La cosiddetta de-dollarizzazione nella finanza globale ha i suoi punti di riferimento. Il lancio dell'Euro nel 1999 è stato fondamentale poiché la moneta europea, ormai, rappresenta il 20 per cento delle riserve valutarie mondiali. All'alba del 21° secolo prese vita anche un'unità monetaria asiatica: rappresentava un'insalatiera di 13 valute delle nazioni dell'Asia orientale (ASEAN 10 più Giappone, Cina e Corea del Sud). Insieme alle ricadute di successo della regionalizzazione economica, anche la geopolitica guidata dall'Occidente è diventata una fonte di novità finanziarie globali che hanno influenzato la preminenza del dollaro USA.

Il crescente ricorso a un regime sanzionatorio nei confronti di paesi come l'Iran, soprattutto a partire dal 2006, e la Russia dopo l'annessione della Crimea nel 2014, ha incoraggiato accordi valutari alternativi. Ad oggi, la politica delle sanzioni di Washington punisce 22 nazioni.

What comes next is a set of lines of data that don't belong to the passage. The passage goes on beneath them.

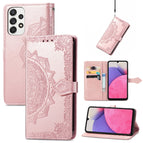 For Samsung Galaxy A33 5G / Rose Gold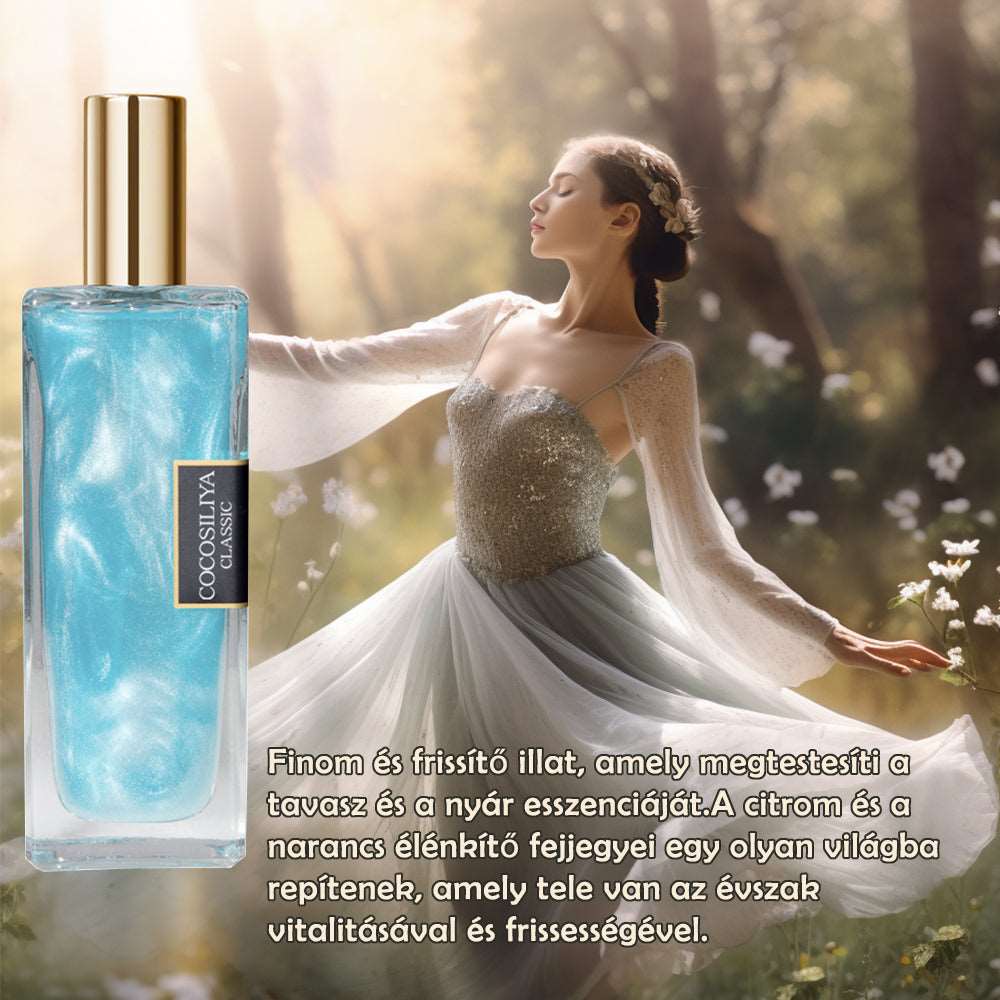 COCOSILIYA, Eastern Manor's Path, Eau De Parfum női, 50ml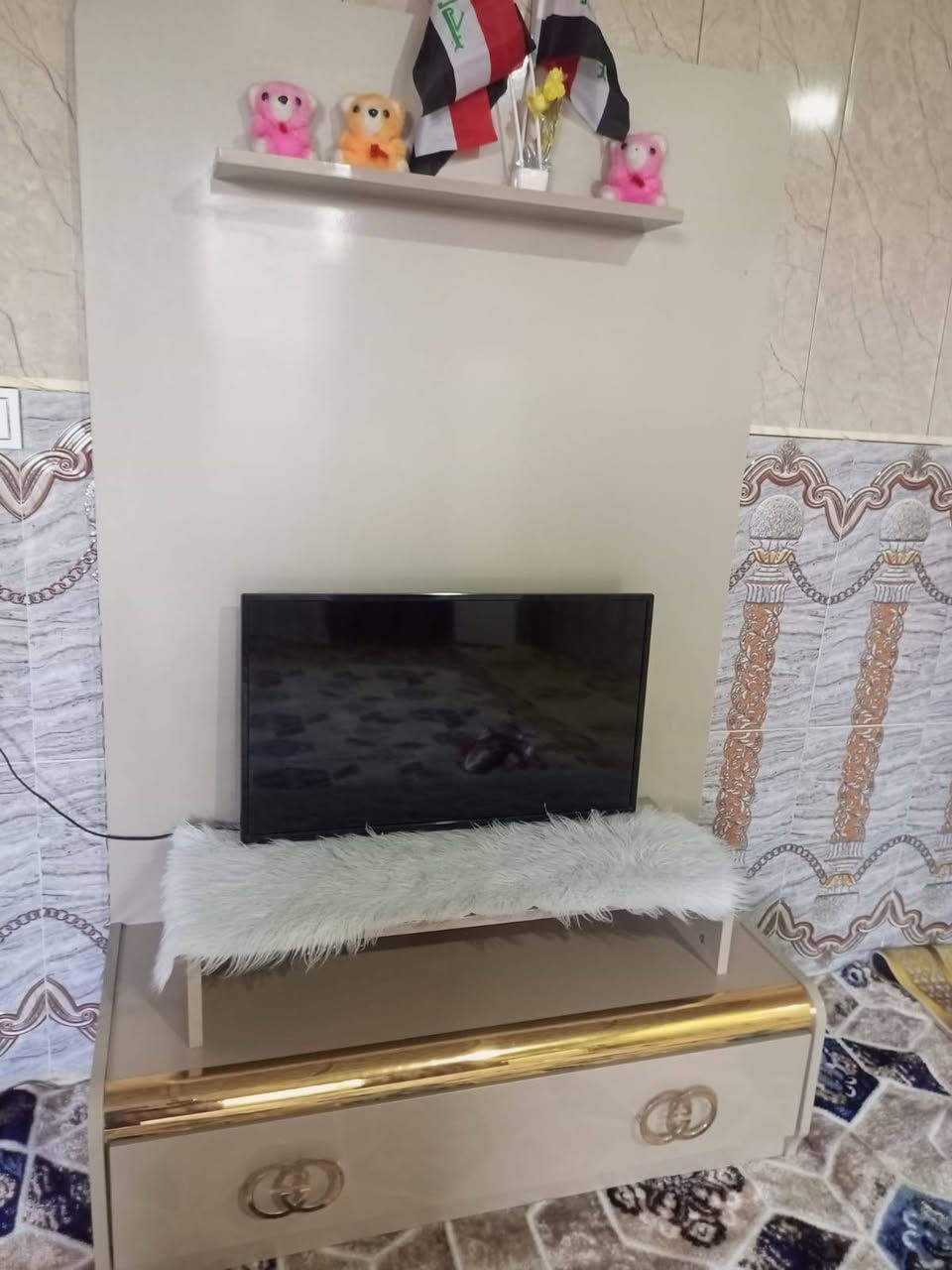 السلام عليكم غرفه تركيه اخت الجديده بدون ضرر بدون كلشي حت لو شخط 11 قطعه للاستفسار الاتصال على الرقم أو واتساب ***********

L'invasione dell'Ucraina da parte della Russia nel 2022 e l'estensione delle sanzioni che ostacolano l'uso del dollaro USA hanno incoraggiato pratiche ancora più dedollarizzate. In risposta alla decisione di disconnettere la Russia da SWIFT, Mosca ha avanzato transazioni bilaterali di carburante con pagamento parziale in rubli. Allo stesso tempo, la Russia e un gruppo di paesi africani hanno avviato colloqui per stabilire accordi in valute nazionali, interrompendo sia il dollaro USA che l'euro. Nel frattempo, la Cina cerca di isolarsi dall'occidente e cerca di internazionalizzare il renminbi, anche se rappresenta meno del 3 per cento delle riserve ufficiali mondiali. Mosca e Pechino si stanno avvicinando in termini di cooperazione finanziaria, Francia e Arabia Saudita hanno accettato di utilizzare il renminbi in alcuni accordi di petrolio e gas, mentre il Bangladesh è diventato il 19° paese a commerciare con l'India in rupie.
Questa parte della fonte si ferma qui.